In un discorso dai toni polemici citato dalla Bbc dice di rispettare il voto del referendum di giugno, ma aggiunge che la gente ha deciso «senza conoscere i veri termini della Brexit». Ma Downing Street replica seccamente: il divorzio dall'Ue si farà. «La nostra sfida sarà ora evidenziare incessantemente i costi» della Brexit, insiste Tony Blair annunciando la nascita di un movimento d'opinione per convincere il Paese a un ripensamento.

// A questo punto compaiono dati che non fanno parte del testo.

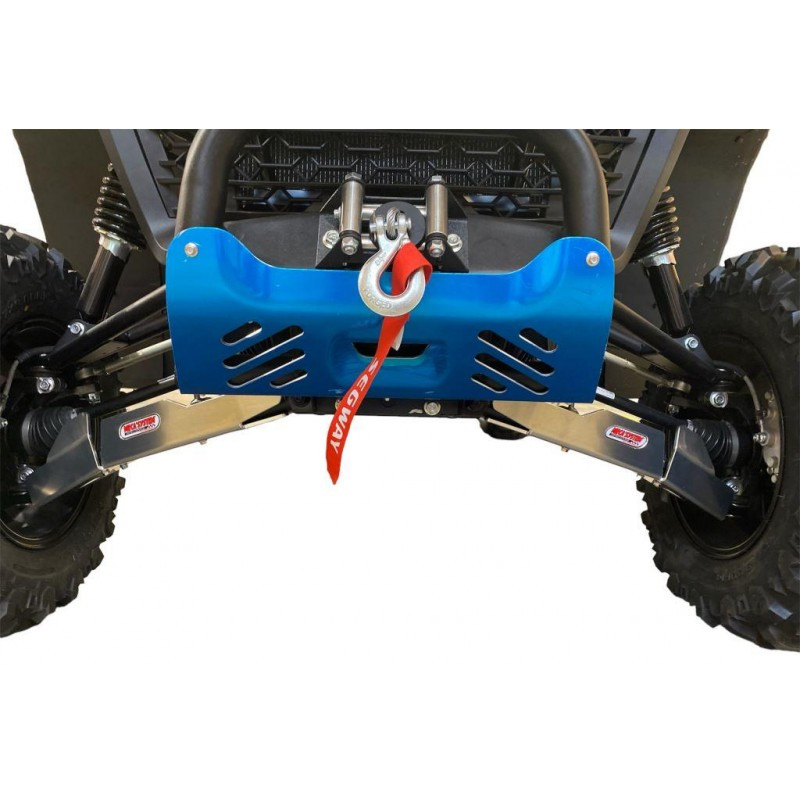 Protection de Triangles Avant Aluminium SEGWAY 1000 FUGLEMAN UT 10 Fabrication Française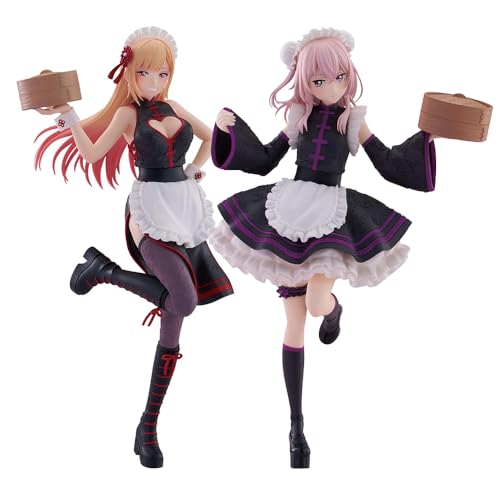 2 Stücke Anime Figuren Kitagawa Marin/Inui Sajuna Figur Niedliche Cartoon Charakter Cosplay Dienstmädchen Modell PVC Anime Statue Ornamente Dekoration Geschenke für Fans 23cm 2 Stücke Anime Figuren Kitagawa Marin/Inui Sajuna Figur Niedliche Cartoon Charakter Cosplay Dienstmädchen Modell PVC Anime Statue Ornamente Dekoration Geschenke für Fans 23cm von DEXSHUN
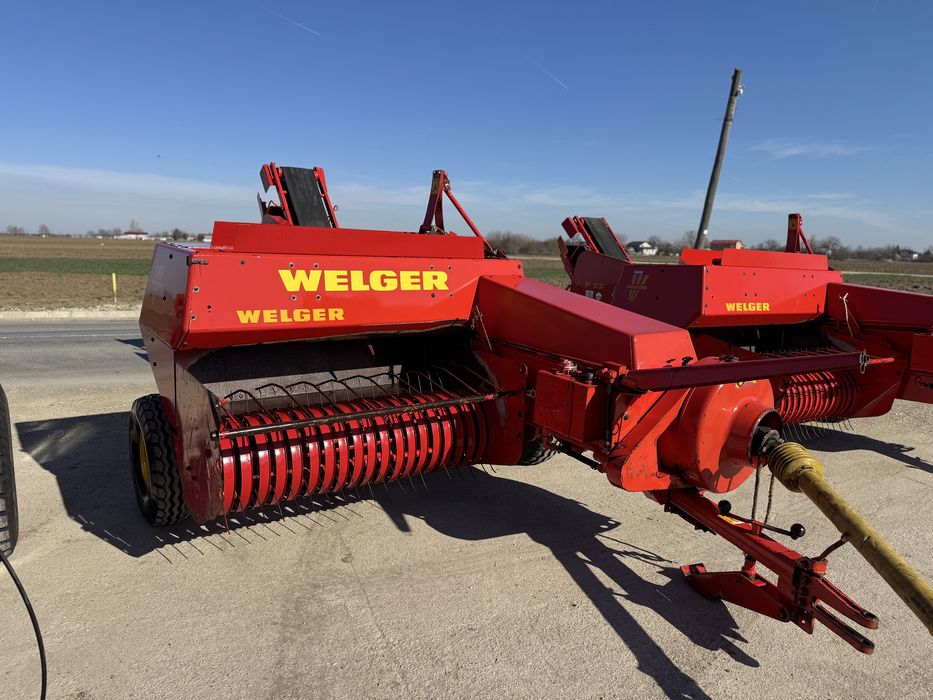 Presa/Balotiera Welger AP 53-52-42 Pe Planetara si Aparat pe Rulmenti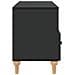 Mobile TV Nero 102 x 34,5 x 50 cm Legno ingegnerizzato - Foto miniatura 5
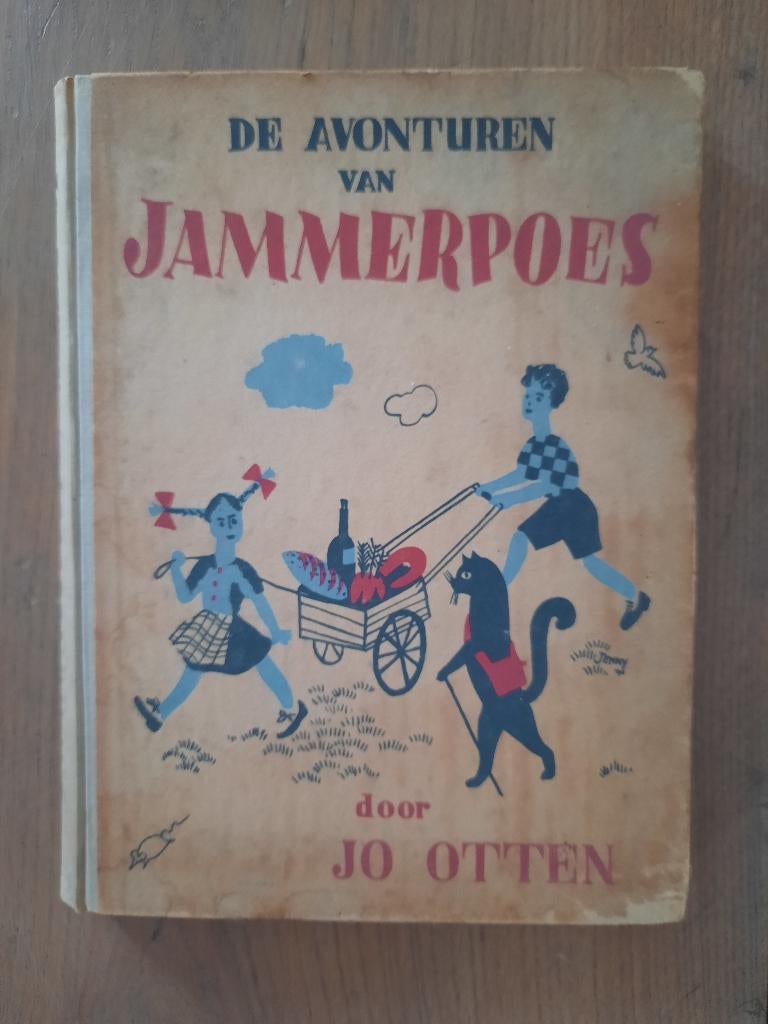 De avonturen van jammerpoes jo otten, Ophalen of Verzenden, Gelezen, Fictie algemeen
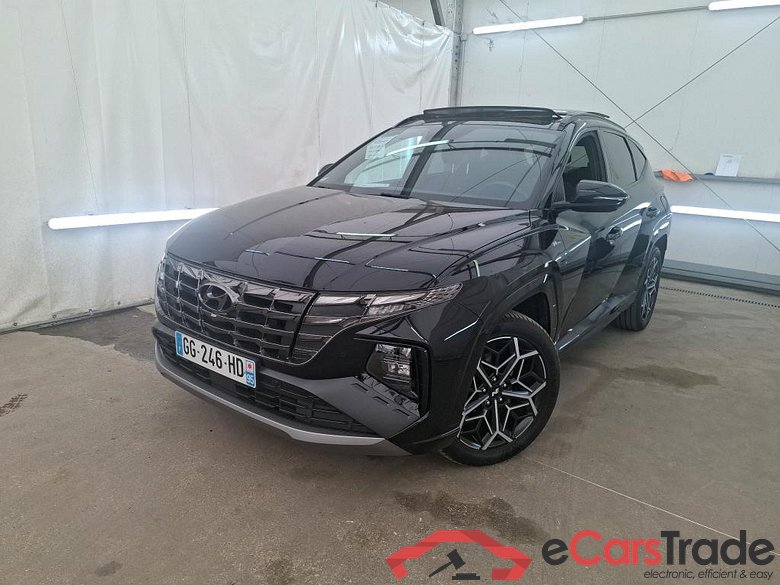 Tucson N-Line Executive Hybrid 2WD 1.6 T-GDI 230CV BVA6 E6d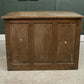 Old Oak Kneehole Desk with Drawers - Lovely Patina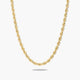 Gargantilla de oro 18K 60 cm THE ROPE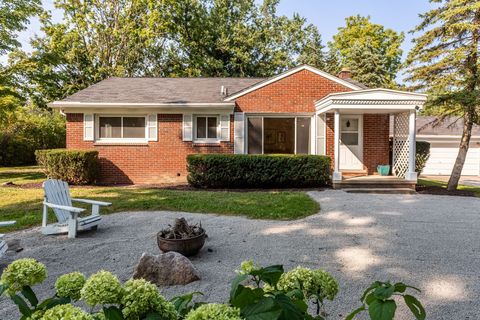 A home in Salem Twp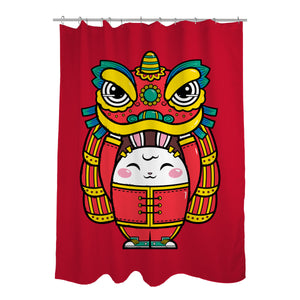 Lion Dance Bunny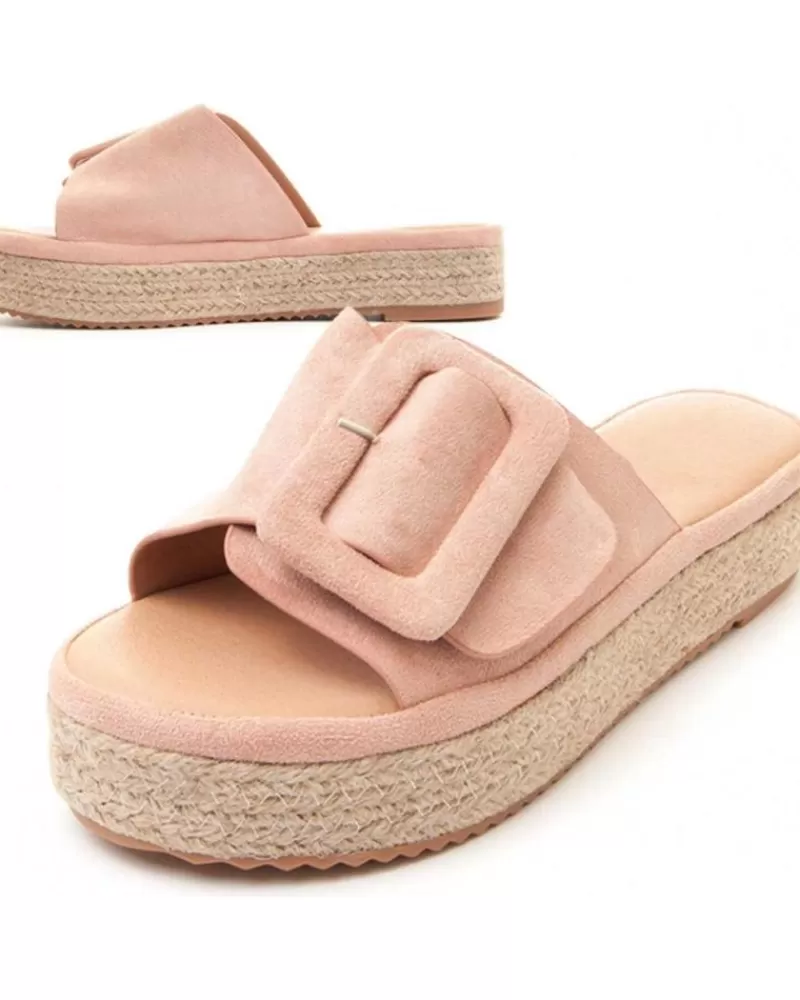 Woman MONTEVITA Woman Sandals Paland Pink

L'ex premier laburista - che aggiunge di essere pronto a discutere di limitazioni all'immigrazione, negando però che l'uscita dall'Ue possa di per sé garantirle - non dice come questo ipotetico ripensamento possa avvenire (in passato ha evocato un secondo referendum dopo i negoziati con Bruxelles o elezioni anticipate), ma accusa comunque il governo Tory di Theresa May d'aver sposato una linea che non sarebbe neppure più quella di «una hard Brexit, bensì di una Brexit a tutti i costi». Una strada che a suo giudizio l'elettorato britannico dovrà essere messo in qualche modo in condizione di ridiscutere «quando avrà chiaro il senso di dove si stia andando».

«Arrogante e antidemocratico»

Netta la replica di Downing Street, un cui portavoce è tornato a escludere ogni velleità d'un secondo referendum, mentre ha ribadito che il governo «resta assolutamente impegnato» ad avviare l'iter di separazione dall'Ue entro fine marzo, nel rispetto della volontà popolare. Irridenti, poi, le prime reazioni dal gruppo conservatore ai Comuni - che proprio nei giorni scorsi hanno approvato a schiacciante maggioranza la legge che autorizza l'esecutivo ad avviare i negoziati d'uscita dall'Unione Europea attivando l'articolo 50 del Trattato di Lisbona - con riferimenti ironici all'impopolarità attuale dell'ex leader del New Labour. Non solo: Iain Duncan Smith, ex ministro Tory ed euroscettico storico ha additato l'intervento di Blair come «arrogante e totalmente antidemocratico”.